Parallel Summation in Java

14 Mar 2014

Summation is the common operation of adding a sequence of numbers together, resulting in their total. The trivial implementation is to iterate over the full collection of numbers, keeping a running total as you progress. For small sequences, a single threaded implementation will suffice, however, when the size increases use of other available CPU cores helps provide necessary speed optimisations. As addition is an associative operation it makes no difference to the end result in which order we process the collection, this behavior works well for are implementation design. Below is an example implementation which splits the summation of a sequence of numbers into (close to) equal collections, each being processed in parallel within their own thread.

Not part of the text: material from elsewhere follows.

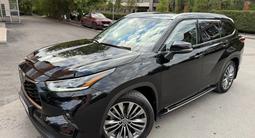 Toyota Highlander 2020 годаүшін22 500 000 тг. в Караганда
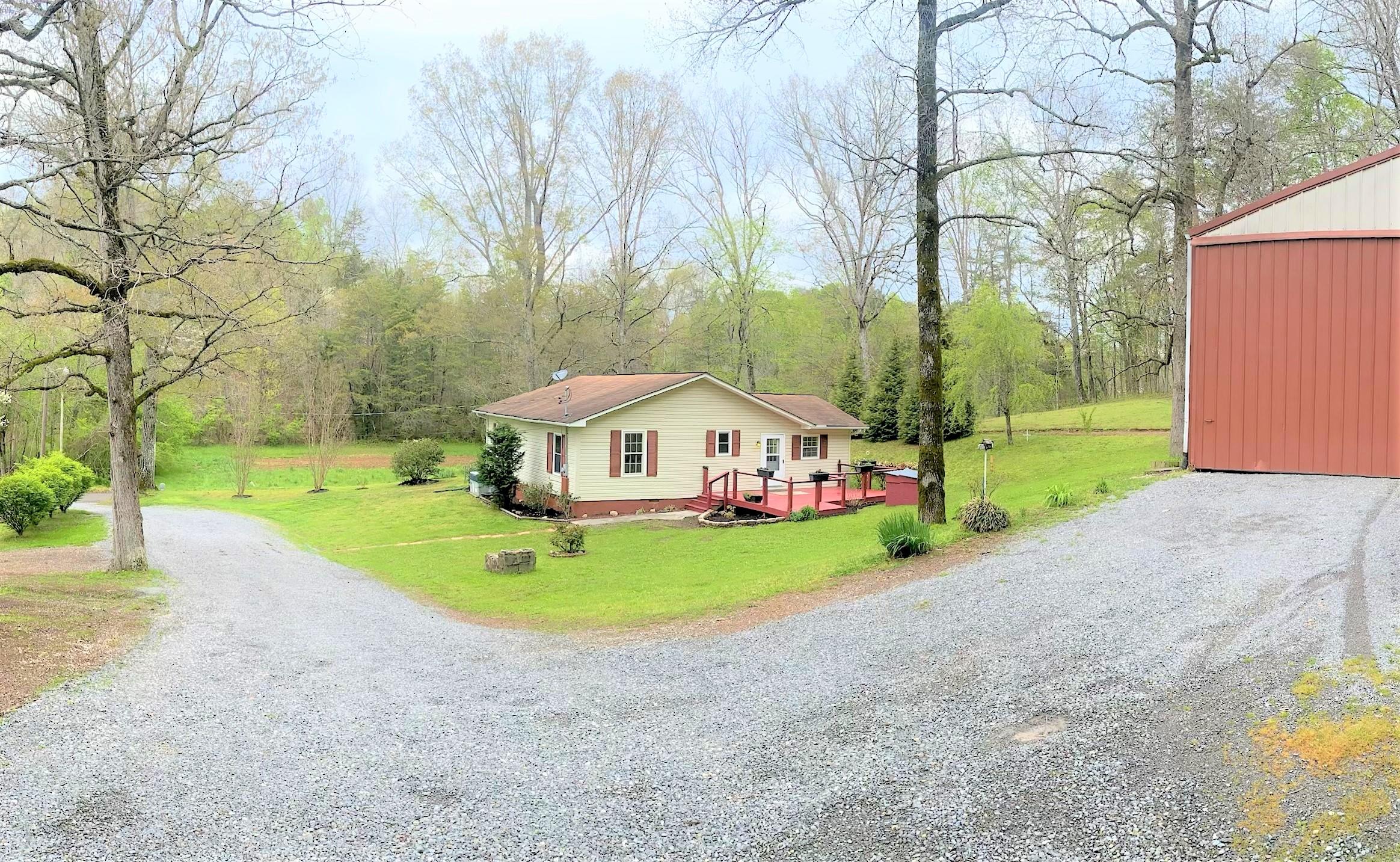 344 Archer Road Luttrell, TN 37779 - Photo 4 of 28 IMG_3090 (2)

public class Summation extends Thread {

    private int[] arr;

    private int low, high, partial;

    public Summation(int[] arr, int low, int high)
    {
        this.arr = arr;
        this.low = low;
        this.high = Math.min(high, arr.length);
    }

    public int getPartialSum()
    {
        return partial;
    }

    public void run()
    {
        partial = sum(arr, low, high);
    }

    public static int sum(int[] arr)
    {
        return sum(arr, 0, arr.length);
    }

    public static int sum(int[] arr, int low, int high)
    {
        int total = 0;

        for (int i = low; i < high; i++) {
            total += arr[i];
        }

        return total;
    }

    public static int parallelSum(int[] arr)
    {
        return parallelSum(arr, Runtime.getRuntime().availableProcessors());
    }

    public static int parallelSum(int[] arr, int threads)
    {
        int size = (int) Math.ceil(arr.length * 1.0 / threads);

        Summation[] sums = new Summation[threads];

        for (int i = 0; i < threads; i++) {
            sums[i] = new Summation(arr, i * size, (i + 1) * size);
            sums[i].start();
        }

        try {
            for (Summation sum : sums) {
                sum.join();
            }
        } catch (InterruptedException e) { }

        int total = 0;

        for (Summation sum : sums) {
            total += sum.getPartialSum();
        }

        return total;
    }

}

Looking at the implementation above you will notice that I have taken advantage of static functionality to combine both the sum and thread instances required to complete the task. Calling ‘parallelSum’ with a single argument (being the specified array), the system is queried on how many available processing cores are present. We then create ‘Summation’ instances that are supplied with the low and high range of indexes within the subject array they are required to process. These are then started and subsequently joined into the main thread for the final round of partial sum addition to complete the process.

So as to see the benefits of parallelising such an operation, an example benchmark has been provided below. The implementation is provided in this case with 100,000,000 random integers between 1 and 100, and timed on its performance to run as both a single and parallel operation.

import java.util.Random;

public static void main(String[] args)
{
    Random rand = new Random();

    int[] arr = new int[100000000];

    for (int i = 0; i < arr.length; i++) {
        arr[i] = rand.nextInt(101) + 1; // 1..100
    }

    long start = System.currentTimeMillis();

    Summation.sum(arr);

    System.out.println("Single: " + (System.currentTimeMillis() - start)); // Single: 44

    start = System.currentTimeMillis();

    Summation.parallelSum(arr);

    System.out.println("Parallel: " + (System.currentTimeMillis() - start)); // Parallel: 25
}

Looking at the results above, you will see that using the parallelised approach provides us with noticeable speed gains. An interesting observation I made when running the benchmark was that the speed increases after splitting the subject operation into 2 threads did not significantly alter the time taken.